▸ WHAT YOU WILL DO:
Print exactly the lines that run from the one containing "Haveone-Gilet scollo v" to the final line of the data, both included, and print none of the pictures.

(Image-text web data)
——————

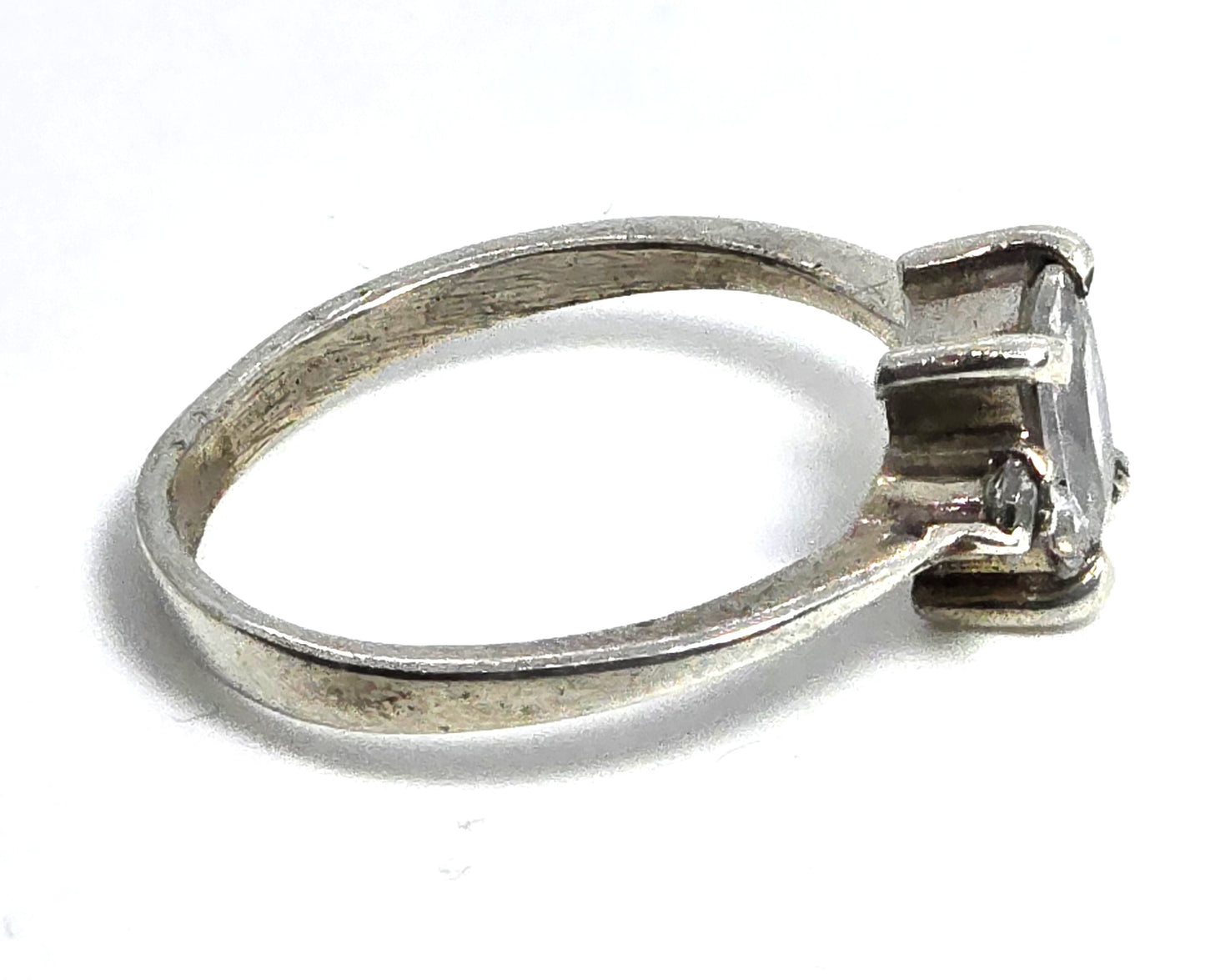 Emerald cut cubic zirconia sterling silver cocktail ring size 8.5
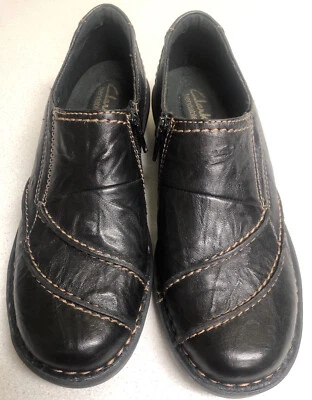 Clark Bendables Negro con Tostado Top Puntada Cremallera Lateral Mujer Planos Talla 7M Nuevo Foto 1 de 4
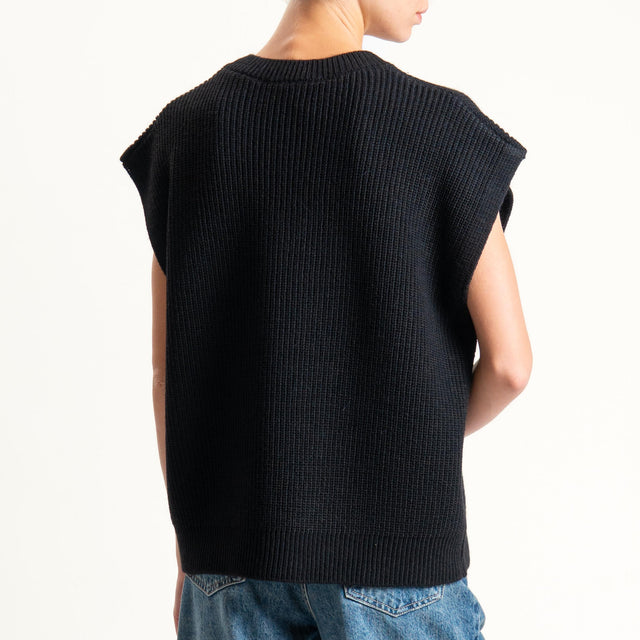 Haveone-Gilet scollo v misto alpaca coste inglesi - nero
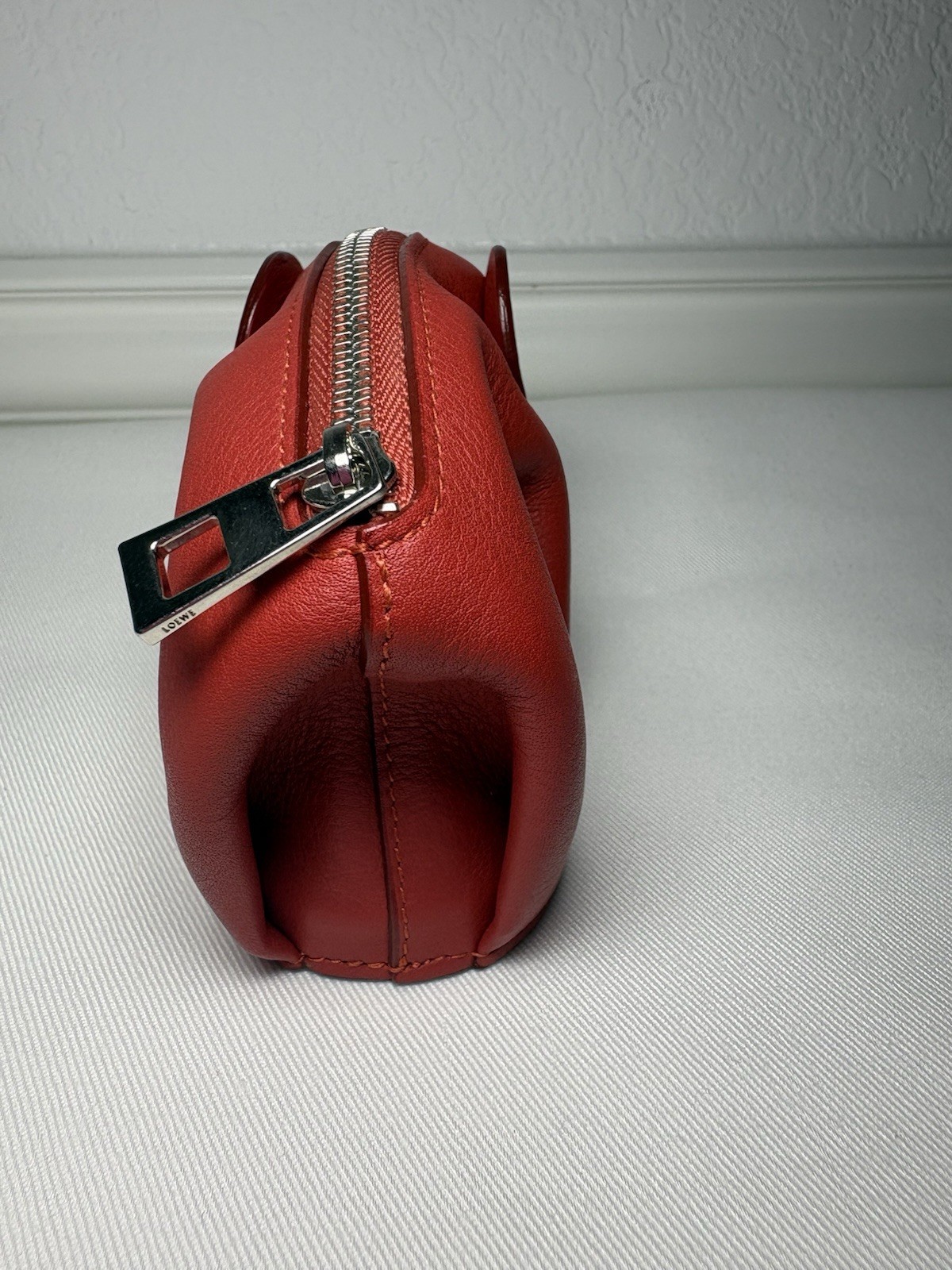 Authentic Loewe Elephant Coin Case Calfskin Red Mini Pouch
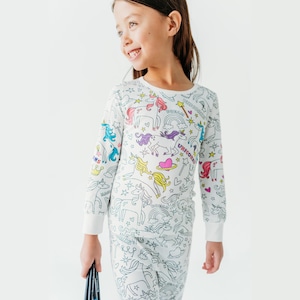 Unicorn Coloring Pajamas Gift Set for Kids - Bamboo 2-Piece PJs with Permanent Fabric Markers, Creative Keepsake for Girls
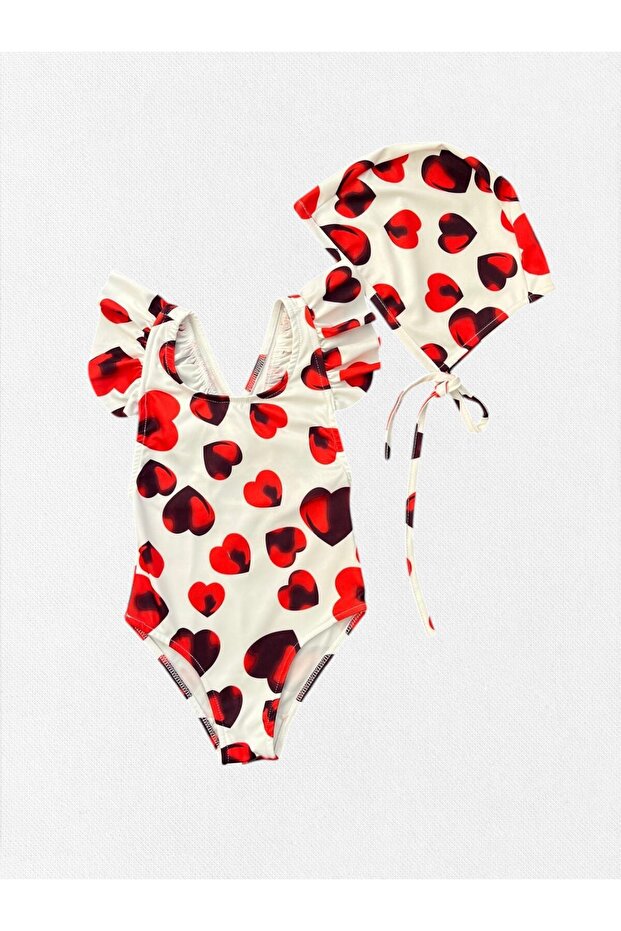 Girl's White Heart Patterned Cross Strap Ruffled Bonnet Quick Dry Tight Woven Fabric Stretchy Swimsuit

——————

▸ SOLUTION TO THIS PROBLEM:
 Haveone-Gilet scollo v misto alpaca coste inglesi - nero
 Authentic Loewe Elephant Coin Case Calfskin Red Mini Pouch
 Unicorn Coloring Pajamas Gift Set for Kids - Bamboo 2-Piece PJs with Permanent Fabric Markers, Creative Keepsake for Girls
 Girl's White Heart Patterned Cross Strap Ruffled Bonnet Quick Dry Tight Woven Fabric Stretchy Swimsuit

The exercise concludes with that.